The “far more” is at least partly philosophical, a vision of who we can be, and know ourselves as, as human beings. It predates Martí but was most radically realized by Martí, who thought political liberation does not long endure without spiritual freedom. For him, this meant acquiring the sensitivity and humility to be able to respond to beauty, whether in ideas, people or events. For only with such responsiveness can we know the unexpected, which may be humanness.

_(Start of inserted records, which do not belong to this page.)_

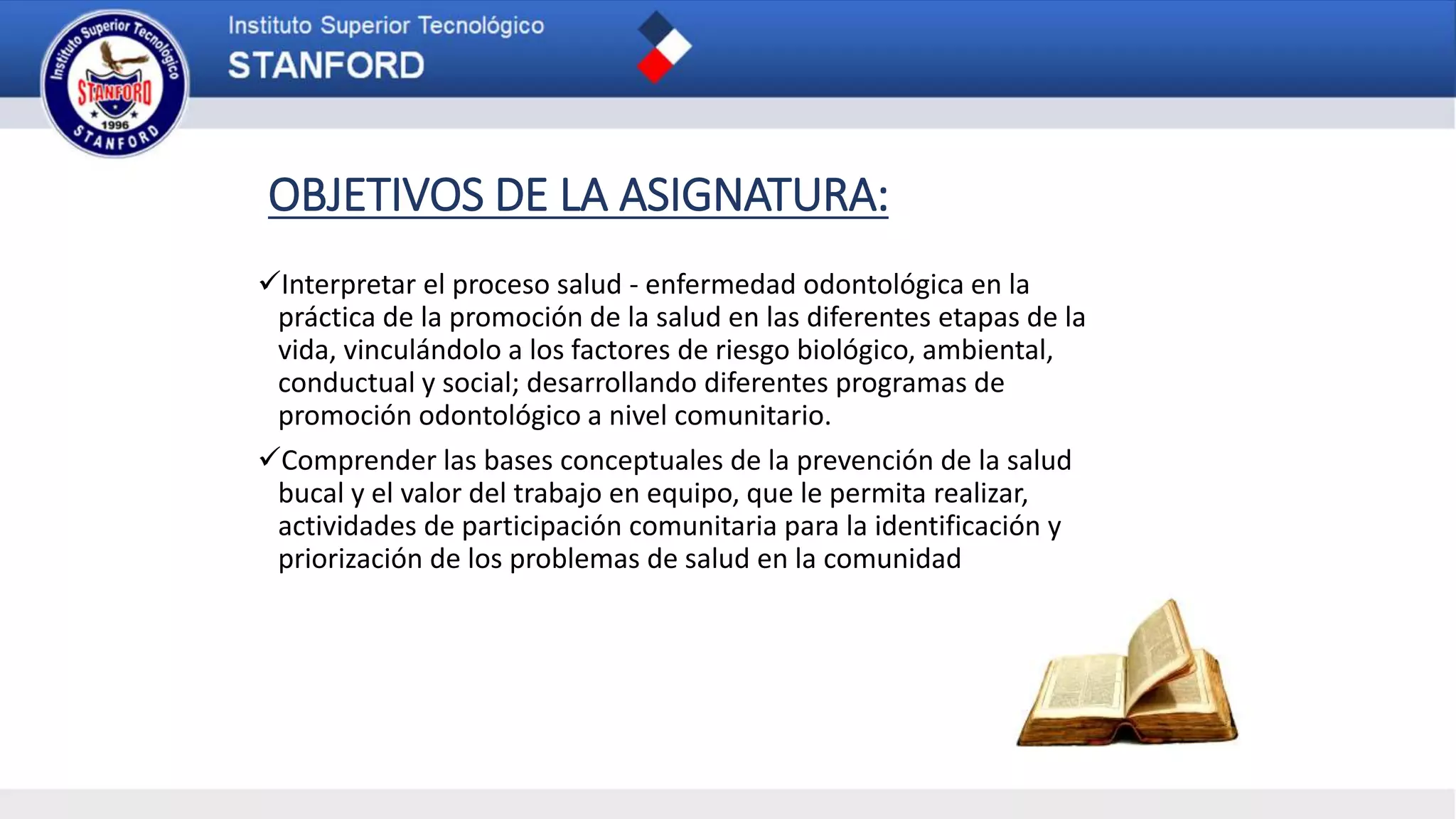 OBJETIVOS DE LA ASIGNATURA:
Interpretar el proceso salud - enfermedad odontológica en la
práctica de la promoción de la salud en las diferentes etapas de la
vida, vinculándolo a los factores de riesgo biológico, ambiental,
conductual y social; desarrollando diferentes programas de
promoción odontológico a nivel comunitario.
Comprender las bases conceptuales de la prevención de la salud
bucal y el valor del trabajo en equipo, que le permita realizar,
actividades de participación comunitaria para la identificación y
priorización de los problemas de salud en la comunidad
 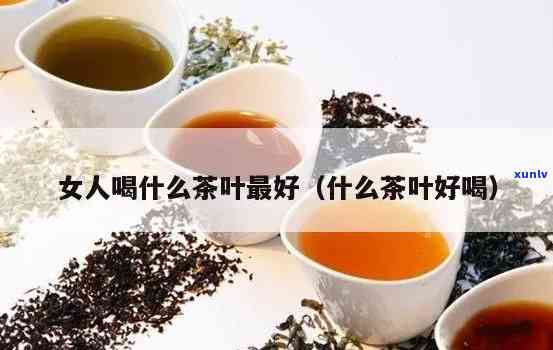 女人喝哪种茶叶好一些，女性最适合饮用的茶叶种类是什么？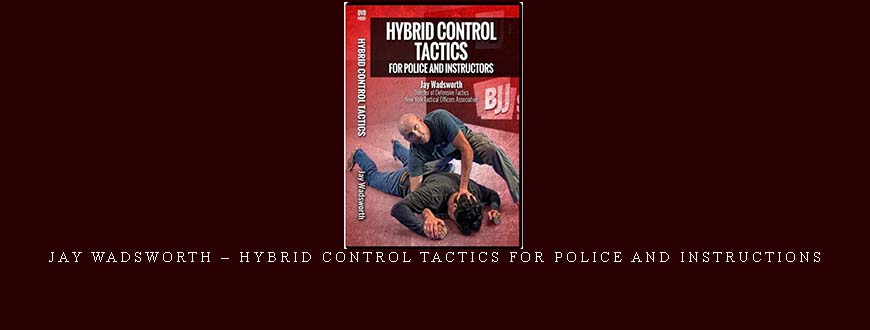 JAY WADSWORTH – HYBRID CONTROL TACTICS FOR POLICE AND INSTRUCTIONS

Cuba’s philosophical traditions, closer in many ways to Eastern than to European philosophy, make plausible a competing conception of what is humanly possible, contradicting the now deeply entrenched belief, almost impossible to challenge in the North, that freedom is about having, not being.
Armando Hart, minister of culture during Cuba’s famous literacy campaign (1961-2), now a renowned philosopher, writes that anyone who cares about global justice in the 21st century should consider the damage done to the world by European philosophy.[vi] European philosophy, as argued by Simón Bolívar, among others, presents a naïve (at best) view of human freedom, ignoring those disqualified from the “human” part of human freedom. Worse, though, it does not allow for alternatives. We need those alternatives.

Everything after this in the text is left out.